I'm plannng to join the military soon, and weightlifting is very important to me. More speifically, olympic weightlifting is very important. I'm just wondering what kind of equipment most base's would have. Is it mostly machines? Or mostly free weights?...Like I said, im really into weightlifting, and especially things like squats, cleans and snatches, so it would be nice to know if I could continue that...Also, what kind of restriction do they put on it?


----------



## Armymedic (13 Jul 2008)

Once you are posted to a base, If that gym does not have the equipment you think it needs, talk to the PSP staff, and they can order it in.

But for the most part, every base in Canada has a good mix of all types of weights.


----------



## Jorkapp (13 Jul 2008)

CF Gyms have a good mixture of machines and free-weights.
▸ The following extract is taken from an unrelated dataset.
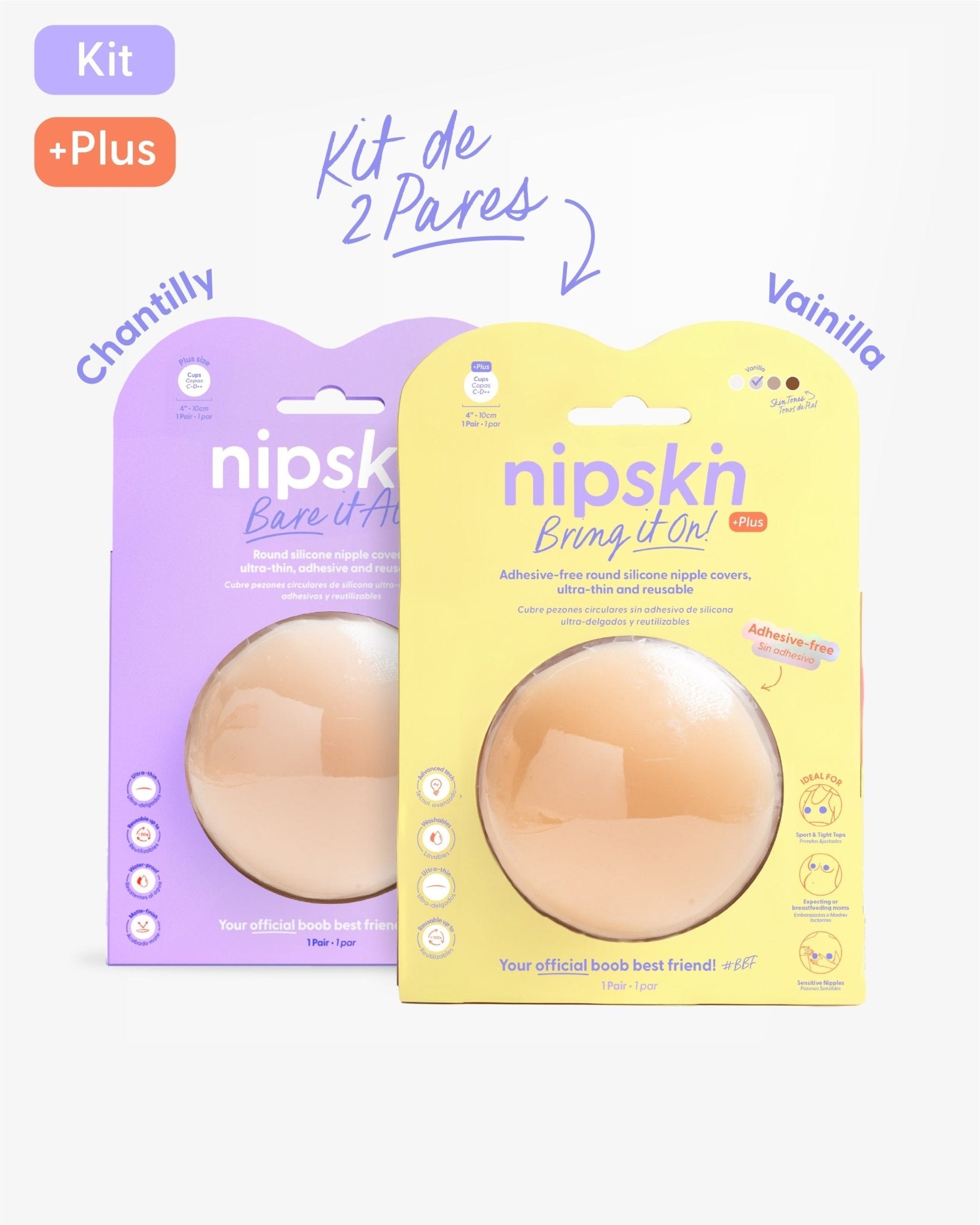 Kit Cubre pezones Sin Adhesivo + Cubre pezones Con Adhesivo | Nipskin® - Nipskin Salvador
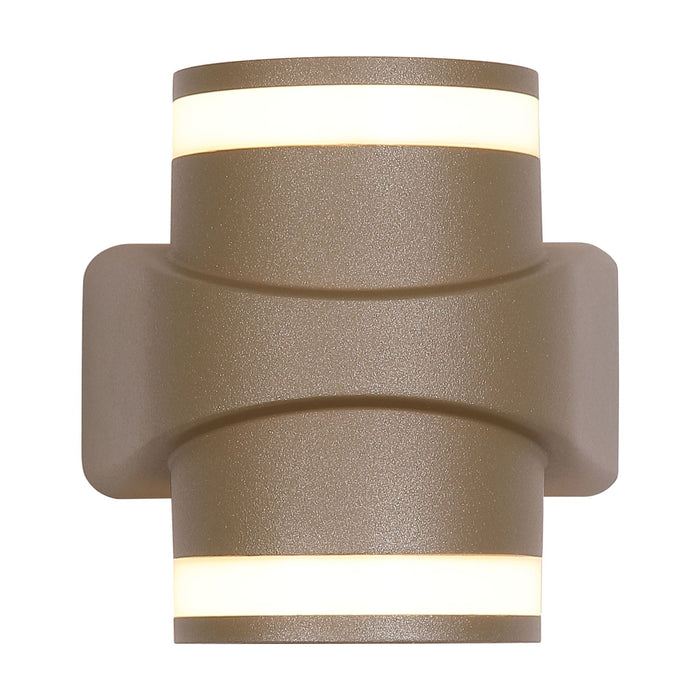 Grip gold outdoor wall light lit up and down with wrapped cylinder bands and opal strips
Some gyms are smaller than others, so the equipment might be limited, but there is always enough to get you a good workout.

On your own time, what exercises you do in the gym are up to you. Just so long as you are safe about yourself and others in doing them, I haven't heard of any restrictions.

If you're not on your own time, that's a different story.


----------



## Fische35 (13 Jul 2008)

If I asked them to order the equipment, would they pay for it?...The equipment can get costly (3000$ or more)


----------



## Armymedic (13 Jul 2008)

Yep, if they don't got it, and they deem it useful.

But my experience is that most bases have all the wieghts you should need.


----------



## DiamondDarryl (15 Jul 2008)

CFB gagetown has a huge weightlifting/body building section aswell as 2 cardio areas and a newly added crossfit area. Included in the crossfit area are 3 squat racks with olympic bars and plenty of bumper plates. Tons of room to do olympic lifting the crossfit area.


----------



## DVessey (31 Jul 2008)

CrossFit is getting pushed big on the army side of things, but every CF gym I've been to (Greenwood, Alert, Leitrim, Kingston) at least have a squat rack and bars. Kingston's the only one with a set of rubber weights that I've seen. I've done cleans with iron weights before, never gone heavy on snatches, and I haven't had any problems from the PSP staff.

That being said, you're experience may vary from base to base, especially with getting PSP staff to order equipment

Good luck!


----------